TASK DESCRIPTION -> Copied exactly and without pictures, the lines from the beginning of the entries through the one that holds "They also have" should form the entire reply.

Source data:
'''

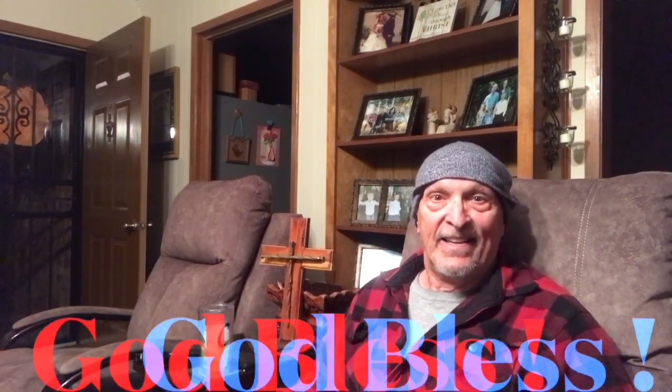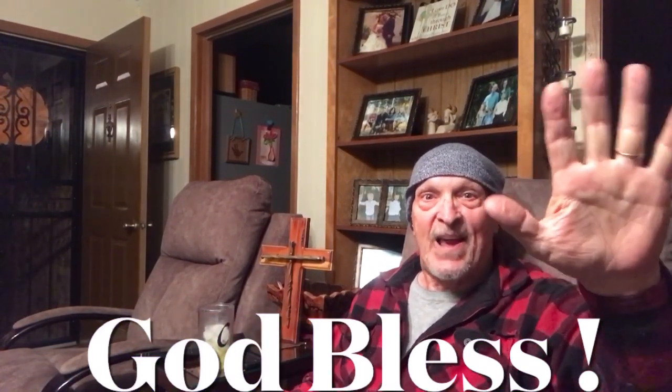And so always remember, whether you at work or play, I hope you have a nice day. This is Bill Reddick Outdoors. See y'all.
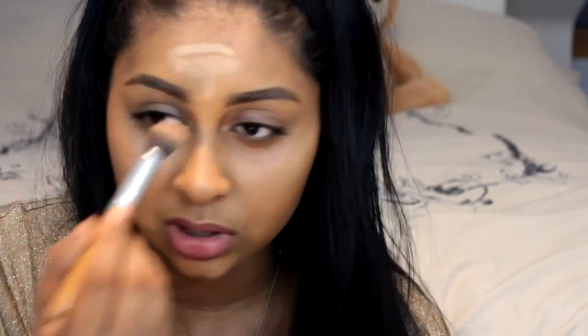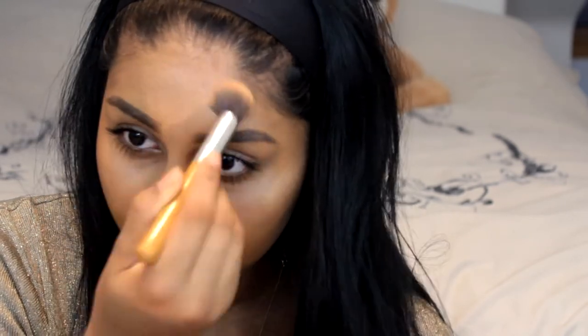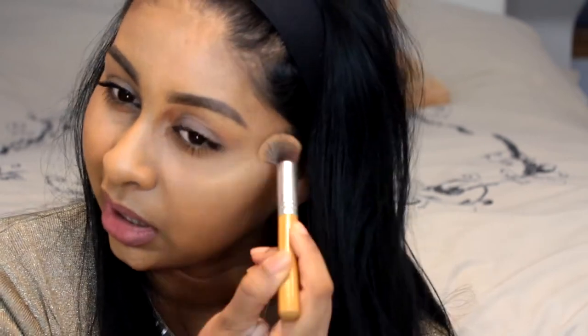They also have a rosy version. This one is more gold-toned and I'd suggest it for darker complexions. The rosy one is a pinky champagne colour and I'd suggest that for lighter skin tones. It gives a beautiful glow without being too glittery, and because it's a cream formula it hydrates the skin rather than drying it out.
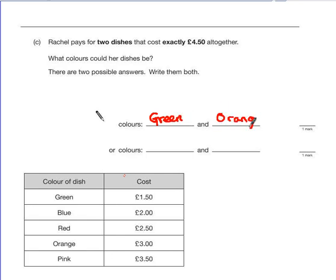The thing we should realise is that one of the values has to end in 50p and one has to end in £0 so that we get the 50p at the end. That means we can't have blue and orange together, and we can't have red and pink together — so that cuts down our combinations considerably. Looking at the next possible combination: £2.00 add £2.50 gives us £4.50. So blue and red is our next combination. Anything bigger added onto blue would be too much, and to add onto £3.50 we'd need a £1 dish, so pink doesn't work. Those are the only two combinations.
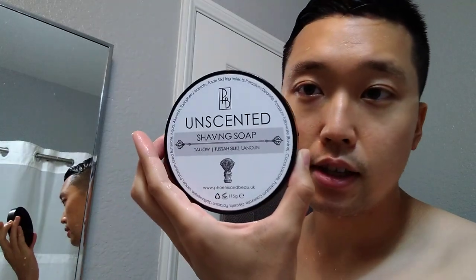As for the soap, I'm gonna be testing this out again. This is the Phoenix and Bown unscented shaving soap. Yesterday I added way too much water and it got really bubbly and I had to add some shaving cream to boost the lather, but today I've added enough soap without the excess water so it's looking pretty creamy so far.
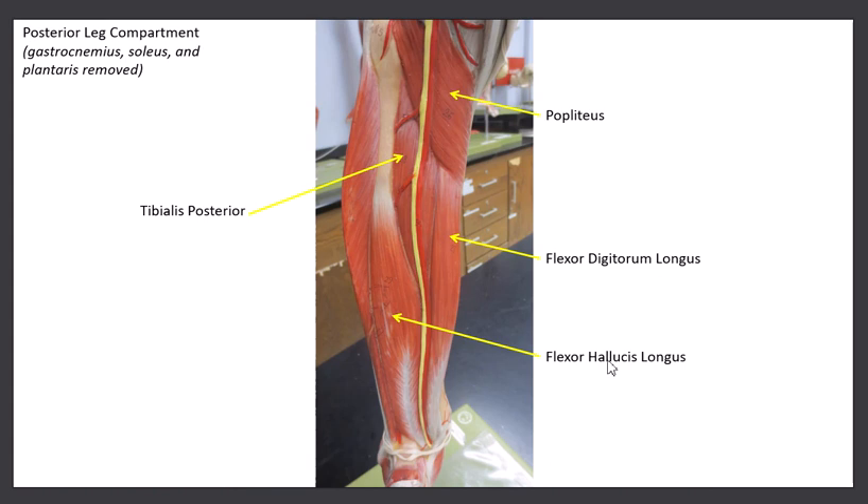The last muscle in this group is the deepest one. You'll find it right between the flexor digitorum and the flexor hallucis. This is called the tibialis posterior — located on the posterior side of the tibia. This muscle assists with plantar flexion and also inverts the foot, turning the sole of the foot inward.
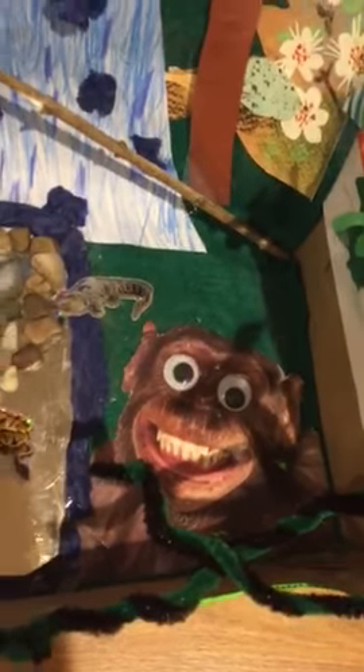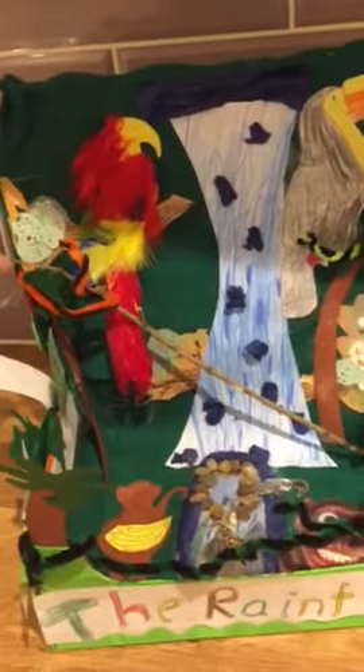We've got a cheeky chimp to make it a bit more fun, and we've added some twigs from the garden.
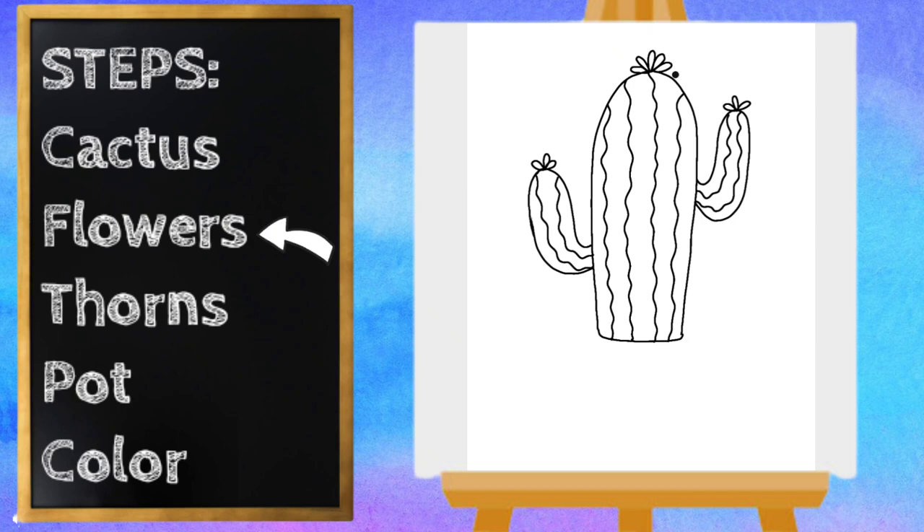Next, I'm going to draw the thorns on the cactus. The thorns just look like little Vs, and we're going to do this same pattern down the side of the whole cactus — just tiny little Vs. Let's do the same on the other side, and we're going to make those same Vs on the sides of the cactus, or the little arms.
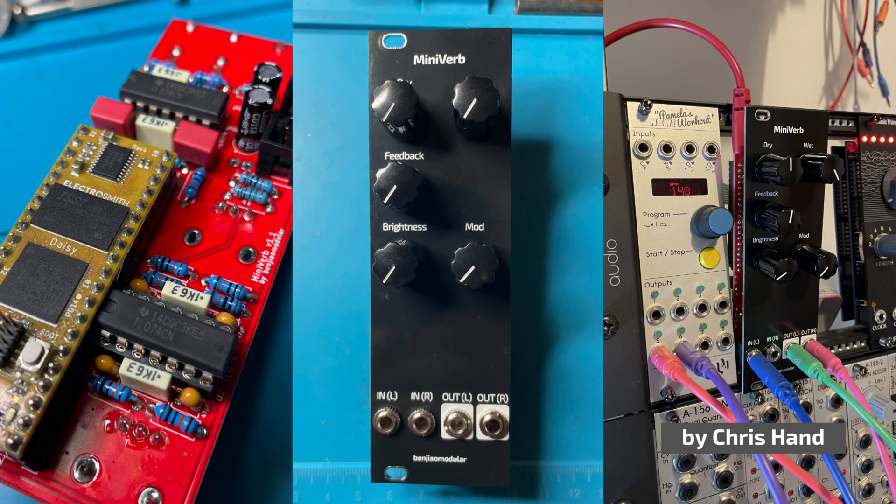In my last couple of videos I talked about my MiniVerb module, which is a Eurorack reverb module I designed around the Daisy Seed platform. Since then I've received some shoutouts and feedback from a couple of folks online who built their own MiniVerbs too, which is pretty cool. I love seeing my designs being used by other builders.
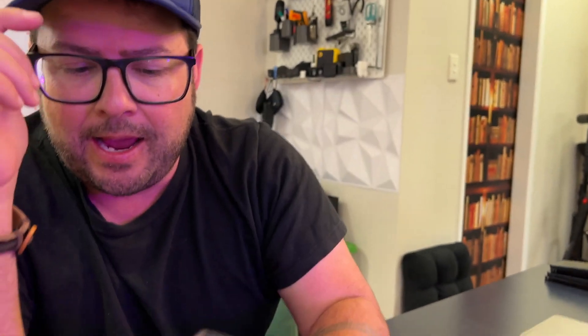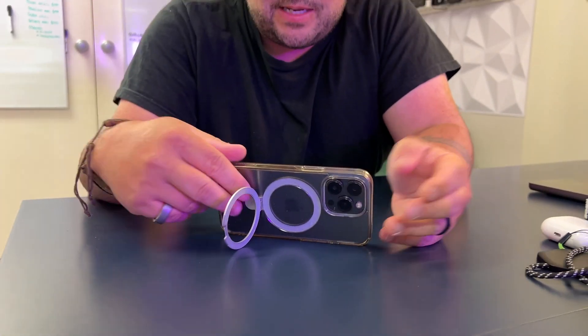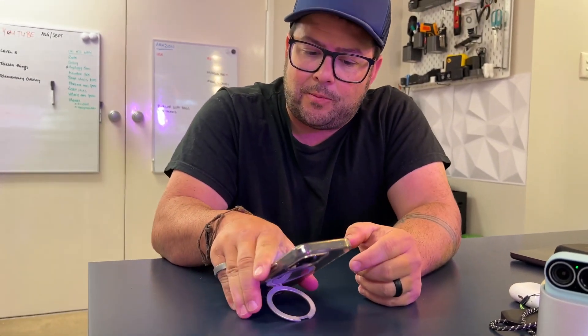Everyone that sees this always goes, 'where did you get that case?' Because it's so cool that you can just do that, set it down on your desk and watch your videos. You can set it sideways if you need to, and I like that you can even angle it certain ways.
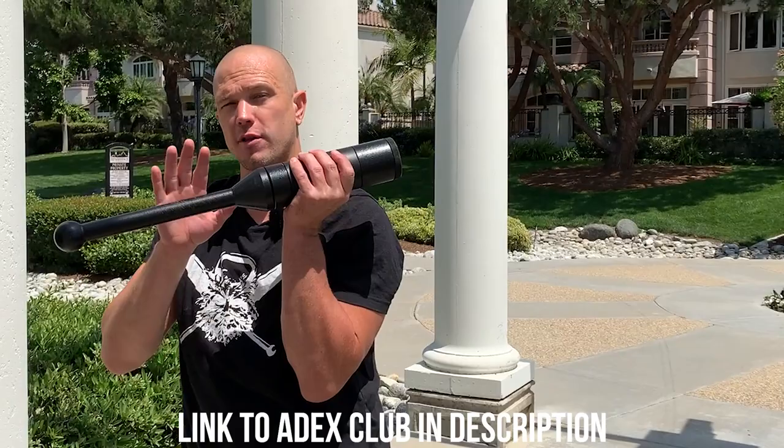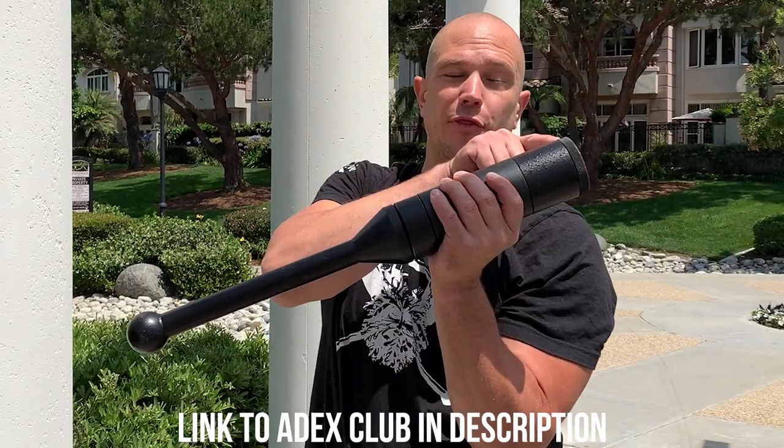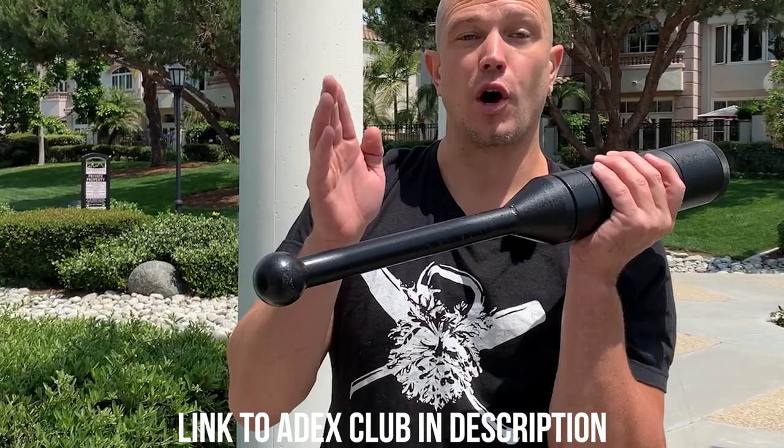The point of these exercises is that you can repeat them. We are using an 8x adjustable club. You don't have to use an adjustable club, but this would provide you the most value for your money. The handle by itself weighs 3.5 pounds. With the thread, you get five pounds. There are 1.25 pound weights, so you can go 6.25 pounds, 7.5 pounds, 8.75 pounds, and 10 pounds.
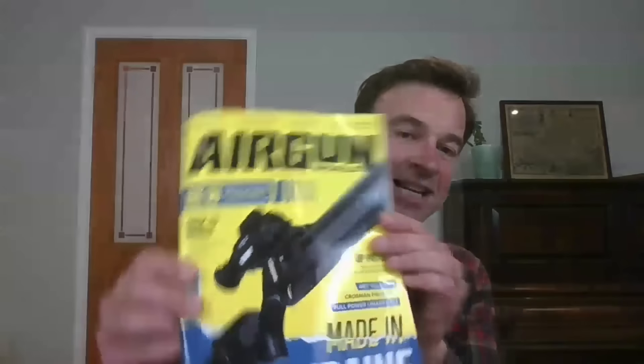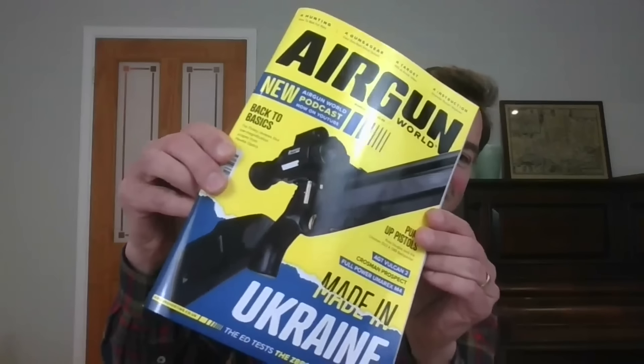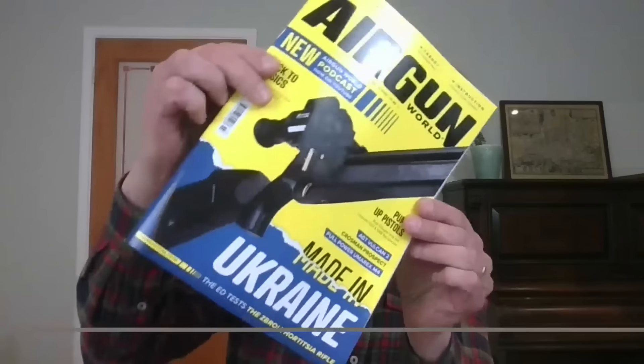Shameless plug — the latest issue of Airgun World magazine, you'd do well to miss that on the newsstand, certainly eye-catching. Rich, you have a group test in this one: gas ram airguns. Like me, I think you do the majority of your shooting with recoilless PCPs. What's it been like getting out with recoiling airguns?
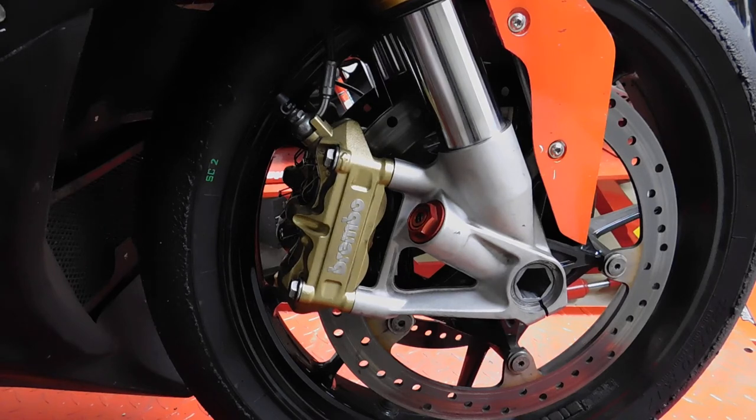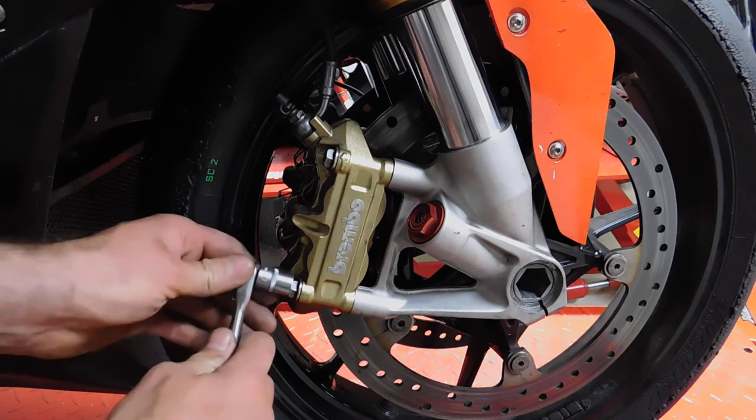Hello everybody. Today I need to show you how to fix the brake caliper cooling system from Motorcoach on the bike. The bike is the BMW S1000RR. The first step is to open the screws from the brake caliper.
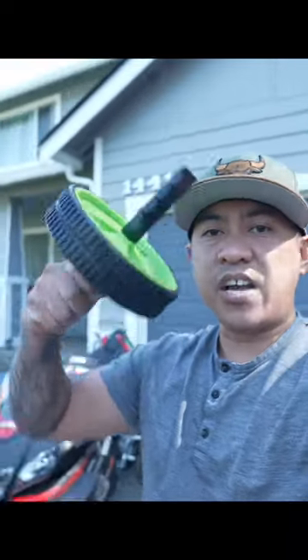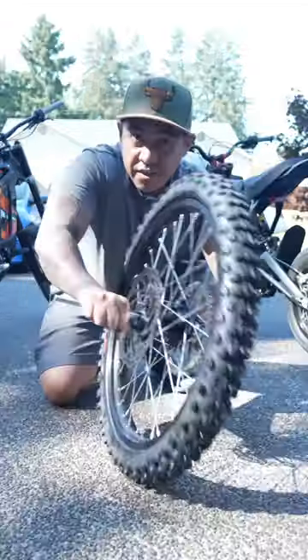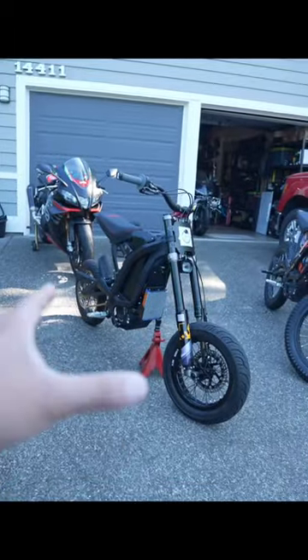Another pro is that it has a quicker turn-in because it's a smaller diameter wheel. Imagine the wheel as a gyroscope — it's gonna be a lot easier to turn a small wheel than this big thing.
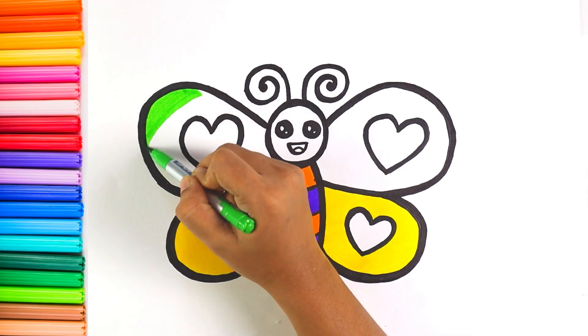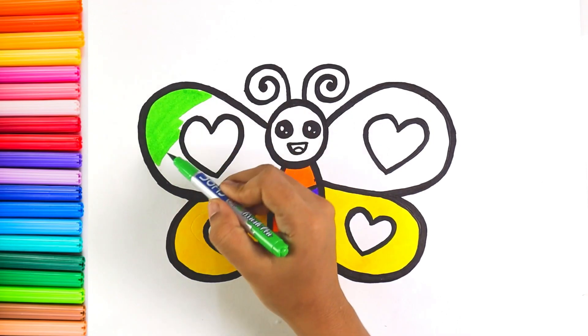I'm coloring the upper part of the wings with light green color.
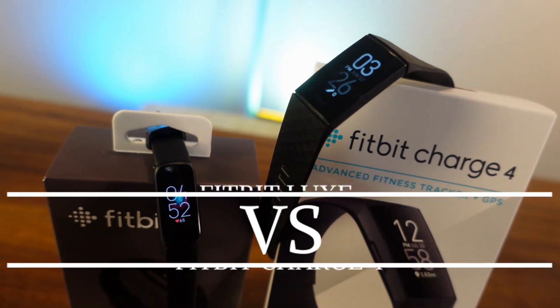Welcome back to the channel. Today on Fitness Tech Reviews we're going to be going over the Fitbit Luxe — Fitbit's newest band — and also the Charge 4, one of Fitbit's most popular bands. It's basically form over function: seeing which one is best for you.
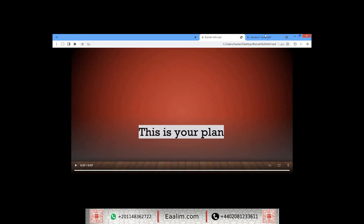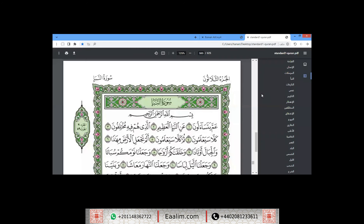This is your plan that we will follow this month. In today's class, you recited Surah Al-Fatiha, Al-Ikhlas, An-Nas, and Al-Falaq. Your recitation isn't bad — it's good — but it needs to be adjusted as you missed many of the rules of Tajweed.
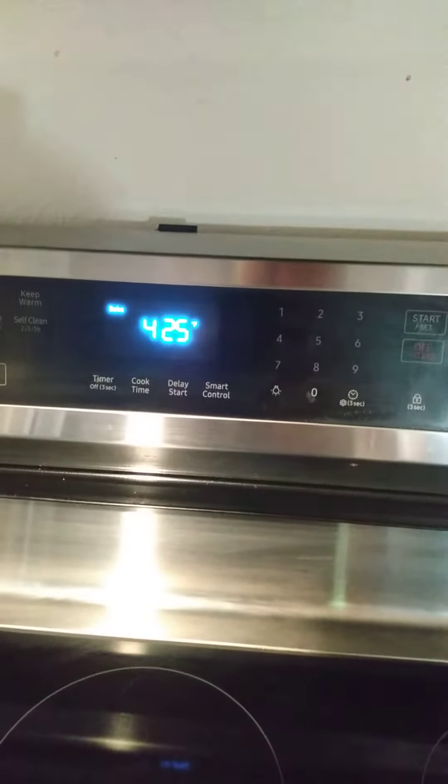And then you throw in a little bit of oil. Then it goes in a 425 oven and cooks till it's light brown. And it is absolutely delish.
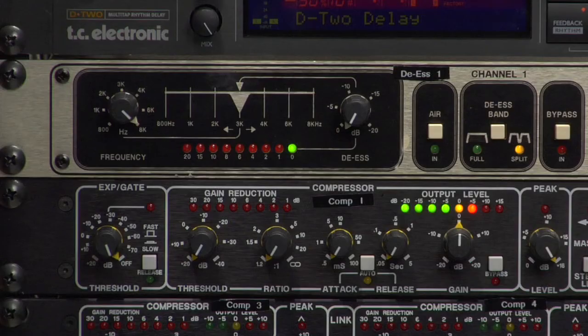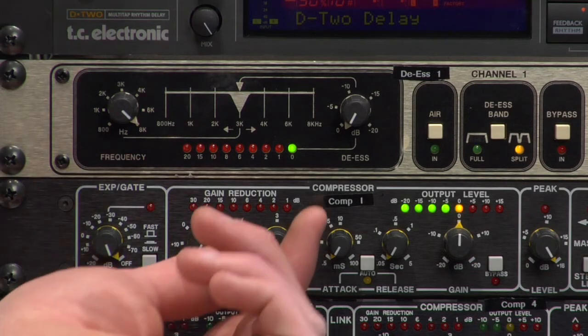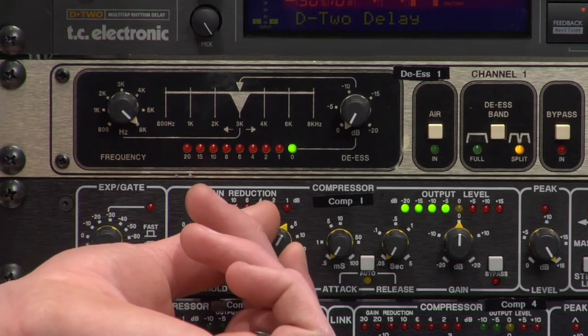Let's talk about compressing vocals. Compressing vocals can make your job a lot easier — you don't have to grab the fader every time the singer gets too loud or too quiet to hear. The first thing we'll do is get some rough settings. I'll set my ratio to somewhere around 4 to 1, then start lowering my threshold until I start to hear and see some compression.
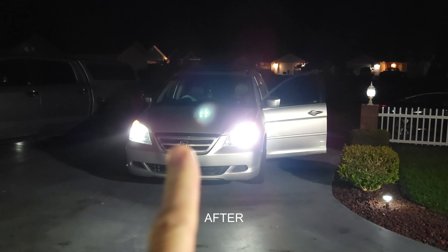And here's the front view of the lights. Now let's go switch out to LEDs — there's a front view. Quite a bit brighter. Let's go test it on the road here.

'''

EXERCISE RESPONSE ->
And so always remember, whether you at work or play, I hope you have a nice day. This is Bill Reddick Outdoors. See y'all.
They also have a rosy version. This one is more gold-toned and I'd suggest it for darker complexions. The rosy one is a pinky champagne colour and I'd suggest that for lighter skin tones. It gives a beautiful glow without being too glittery, and because it's a cream formula it hydrates the skin rather than drying it out.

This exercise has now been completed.